Risques de conflits entre la pêche et la séquestration de carbone dans l’océan
Une équipe internationale menée par des chercheurs et chercheuses de l’Université de Montpellier, du CNRS et de l’Université de Californie a cartographié les zones potentiellement conflictuelles entre deux grandes contributions de l’océan aux sociétés humaines : la pêche et la séquestration de carbone. A quelques mois de l’ouverture de la 3e conférence des Nations unies pour l’océan qui se tiendra à Nice en juin 2025, leurs travaux, publiés dans la revue One Earth, ouvrent des pistes originales pour adapter les pratiques de pêche.
Pêche et séquestration de carbone dans l’océan, un lien longtemps négligé
En milieu terrestre, l’impact de l’agriculture sur les puits de carbone que représentent les forêts est désormais bien quantifié. En revanche le lien entre la pêche et la séquestration de carbone par les océans reste plus méconnu. Par leurs carcasses et les défécations riches en carbone qu’ils produisent et qui coulent dans les abysses, les poissons participent directement à la séquestration de carbone dans l’océan profond. Les sols océaniques, quant à eux, stockent de vastes quantités de carbone accumulées au fil du temps dans le sédiment, carbone appelé carbone bleu. Problème : la pêche, en prélevant d’importantes quantités de poissons et en détériorant les fonds marins via des techniques comme le chalutage benthique (méthode qui consiste à tirer un filet de type chalut, lequel est en contact direct avec le sédiment marin) limite drastiquement la capacité des océans à piéger ce carbone bleu.
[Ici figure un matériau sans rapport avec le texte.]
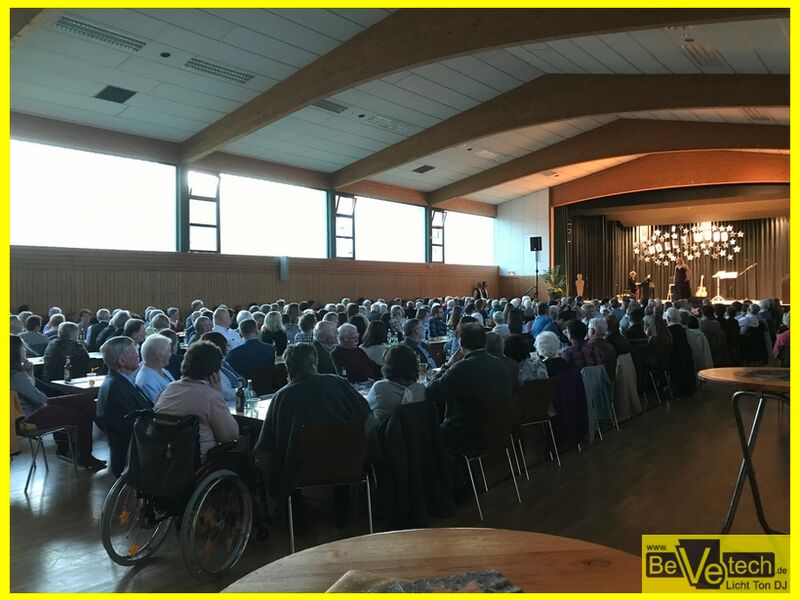 2017-04-29_Weisstaler_Frauenchor_Melodia_in_der_Adolf_Saenger_Halle_in_Niederdielfen_04.JPG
Si l’antagonisme entre le carbone bleu et les bénéfices socio-économiques de la pêche (emplois, sécurité alimentaire …) est pointé depuis plusieurs années, la surface et la localisation de ces zones potentiellement conflictuelles étaient jusqu’à aujourd’hui méconnues. Cette nouvelle étude révèle que ces dernières couvrent 15% de l’océan, répartis dans les eaux internationales et en milieu côtier.
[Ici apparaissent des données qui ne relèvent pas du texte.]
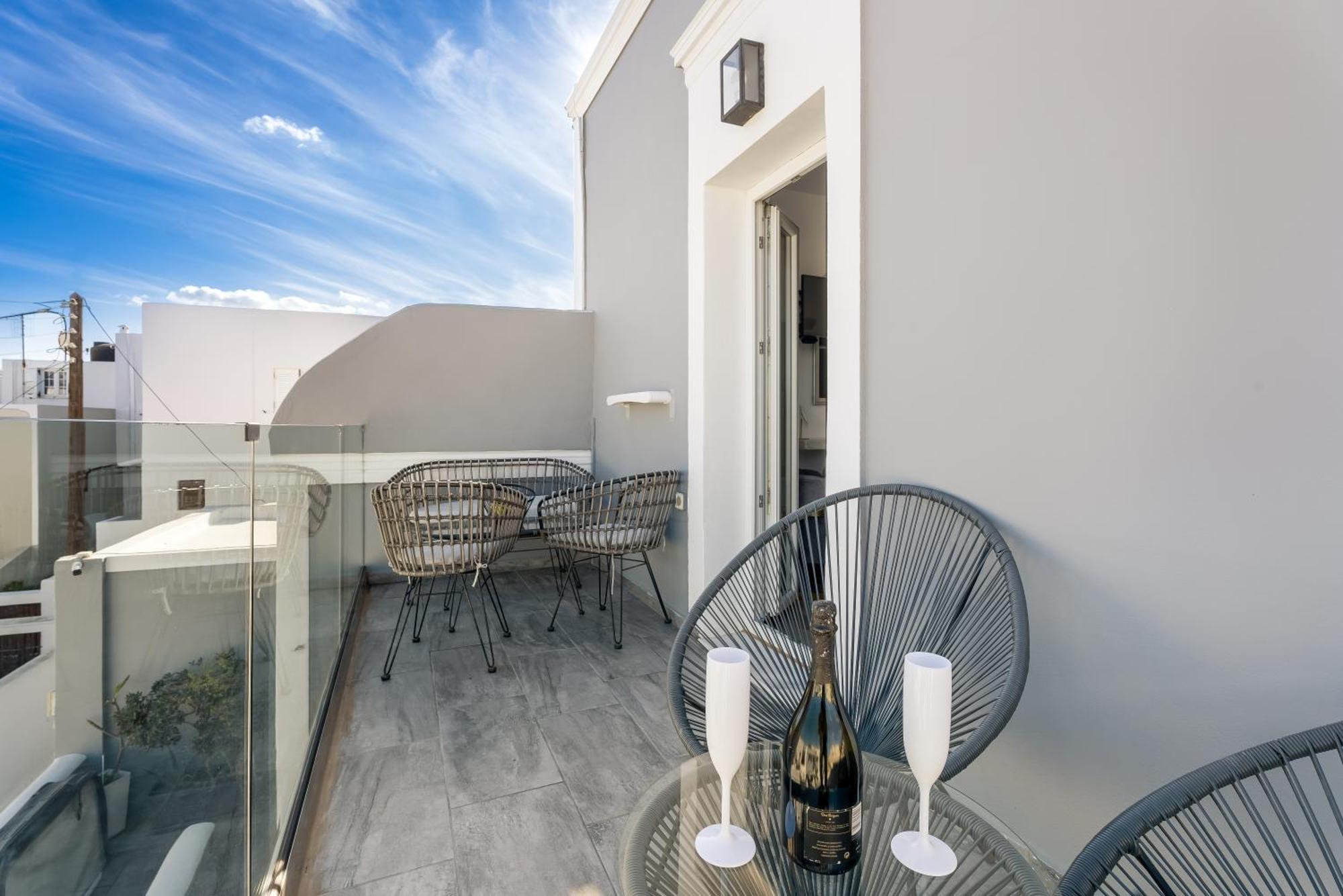 Oasis Suites Fira Fira (Santorini) Eksteriør billede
Les poissons jouent un rôle crucial dans le cycle du carbone océanique, contribuant directement à la séquestration de carbone dans l’océan profond grâce à la production régulière de pelotes fécales et de carcasses riches en carbone qui coulent dans les abysses, piégeant ainsi le carbone qu’elles contiennent pendant plusieurs siècles. © IRD – Ifremer
Les eaux internationales, une zone conflictuelle majeure
Les eaux internationales, qui ne sont sous l’autorité directe d’aucun état et où se pratique la pêche en haute mer, représentent près de 50 % des zones conflictuelles identifiées dans cette étude. « Or, d’autres études ont montré que la pêche en haute mer est reconnue comme contribuant très faiblement à la sécurité alimentaire mondiale car elle est principalement menée par des pays développés sans problème d’insécurité alimentaire » précisent les auteurs et autrices de l’étude. « Notre étude fournit donc un argument supplémentaire pour appliquer le principe de précaution, c’est-à-dire une limitation de la pêche en haute mer jusqu’à ce que ses conséquences sur la séquestration de carbone soient évaluées » concluent-ils.
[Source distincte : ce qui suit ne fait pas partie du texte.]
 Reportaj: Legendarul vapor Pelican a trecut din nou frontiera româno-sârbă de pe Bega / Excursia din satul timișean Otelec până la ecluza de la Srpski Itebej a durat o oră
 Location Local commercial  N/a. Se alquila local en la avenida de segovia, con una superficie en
Chalutage benthique et séquestration de carbone, un conflit côtier
Si une protection de la haute mer impactera peu les objectifs socio-économiques globaux tels que la sécurité alimentaire, l’histoire est toute autre avec le chalutage benthique en milieu côtier. En effet, bien que les zones conflictuelles entre la séquestration de carbone dans le sédiment et le chalutage benthique couvrent seulement 3,8 % de l’océan, plus de 56 % des captures des chaluts benthiques y ont lieu. « Cela montre que d’importants conflits peuvent surgir en cas de protection de ces zones contre la pêche au chalut. Ces conflits sont d’autant plus importants quand les zones identifiées concernent des pays en insécurité alimentaire » précisent les chercheurs.
Des solutions existent
L’étude montre cependant que des solutions existent. « Prenons un exemple simple. Les côtes argentines sont identifiées comme conflictuelles car d’importance capitale pour la séquestration de carbone dans le sédiment, mais aussi pour la pêche au chalut. Or, certaines espèces peuvent aussi être pêchées avec des engins n’entrant pas en contact avec le sédiment. C’est par exemple le cas du merlu argentin, pêché à l’aide de chaluts benthiques entrant en contact avec le sédiment, mais qui peut aussi être capturé avec des chaluts pélagiques ou à la ligne. Ainsi, changer de méthodes de capture permettraient de maintenir les emplois et les bénéfices socio-économiques issus de la pêche au merlu argentin, tout en préservant le stock de carbone présent dans les sédiment » précisent les auteurs et autrices de l’étude.